What is required – Beneath this task are records; print exactly the stretch of them from the line with "235 Clear Ridge Dr, Healdsburg, CA 95448" through the line with "1 bedroom, bed", both ends included.

Records shown –
:::::
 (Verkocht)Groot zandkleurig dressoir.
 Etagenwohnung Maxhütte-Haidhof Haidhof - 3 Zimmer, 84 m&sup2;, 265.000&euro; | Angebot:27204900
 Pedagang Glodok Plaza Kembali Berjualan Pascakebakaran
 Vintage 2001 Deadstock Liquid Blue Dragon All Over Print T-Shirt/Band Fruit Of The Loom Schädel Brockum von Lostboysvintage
:::::
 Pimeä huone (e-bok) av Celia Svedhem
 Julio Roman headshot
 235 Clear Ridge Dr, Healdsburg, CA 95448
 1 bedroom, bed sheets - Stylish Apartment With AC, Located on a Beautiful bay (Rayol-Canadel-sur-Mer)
:::::
Reply –
 235 Clear Ridge Dr, Healdsburg, CA 95448
 1 bedroom, bed sheets - Stylish Apartment With AC, Located on a Beautiful bay (Rayol-Canadel-sur-Mer)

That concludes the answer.